Le Champ d’Argile®, chemin de transformation 

Journal Synodies, été 2010 | Publication du GRETT, Groupe de Recherches et Etudes en Thérapies Transpersonnelles.


« Lâcher prise »
signifie admettre, laisser s’accomplir sans nous occuper de nos
représentations, projections, désirs ou préjugés ;
admettre ce que nous rencontrons spontanément qui est Vie ;
admettre ce qui jaillit de l’Etre authentique qui en permanence nous meut de l’intérieur.

Karlfried Graf Dürckheim – Pratique de la voie intérieure


Marie Louise von Franz, collaboratrice de C.G. Jung écrit dans « l’homme et ses symboles » : « on peut considérer le Soi comme un guide intérieur qui est distinct de la personnalité consciente »… Elle en parle comme du « centre régulateur qui provoque une extension et une maturation croissante de la personnalité », et elle rajoute « mais cet aspect plus riche, plus total de la psyché n’ est d’abord qu’une virtualité innée… et son degré de développement dépend de la bonne volonté que met le Moi à écouter les messages du Soi… Le Moi doit être capable d’écouter attentivement et renonçant à ses fins, à ses projets propres, de se consacrer à cette impulsion intérieure de croissance ».
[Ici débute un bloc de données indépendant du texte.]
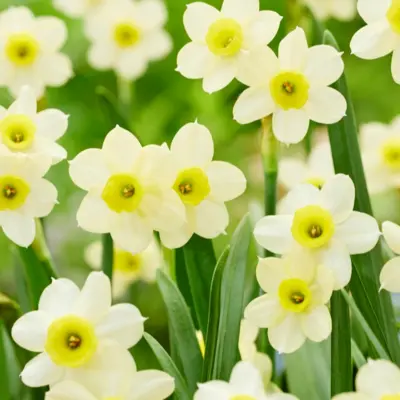 Daffodil - 'Minnow' 10/pkg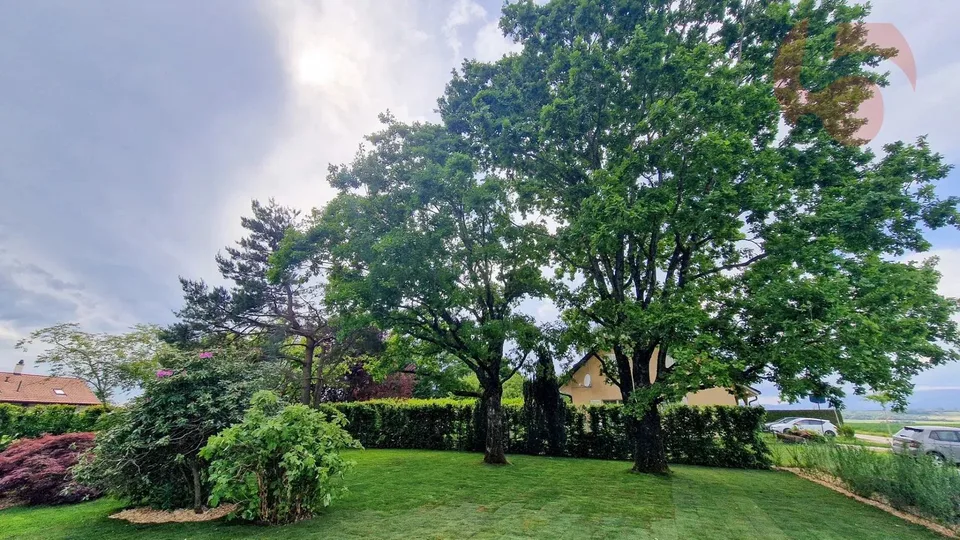Duplex 6,5 Zimmer mit herrlichem Garten und Terrassen in einer architektonisch gestalteten, vollständig renovierten Villa, 300 m von der LEB-Bahnhof in Bercher entfernt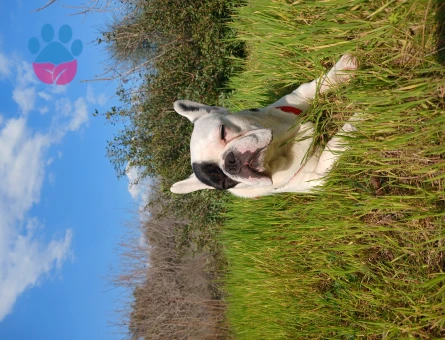 French Bulldog Korsan 1 Yaşında Eş Arıyor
Le Champ d’argile®, boîte rectangulaire remplie d’argile nous invite à ce chemin. Dispositif très original créé dans les années 70 par Heinz Deuser, dans la mouvance de la thérapie initiatique de Karlfried Graf Dürckheim, il offre la possibilité de se rencontrer en profondeur, de contacter les forces créatrices issues du Soi et de les laisser nous transformer.
Dans ce travail, c’est l’être profond qui cherche la solution, pas le moi.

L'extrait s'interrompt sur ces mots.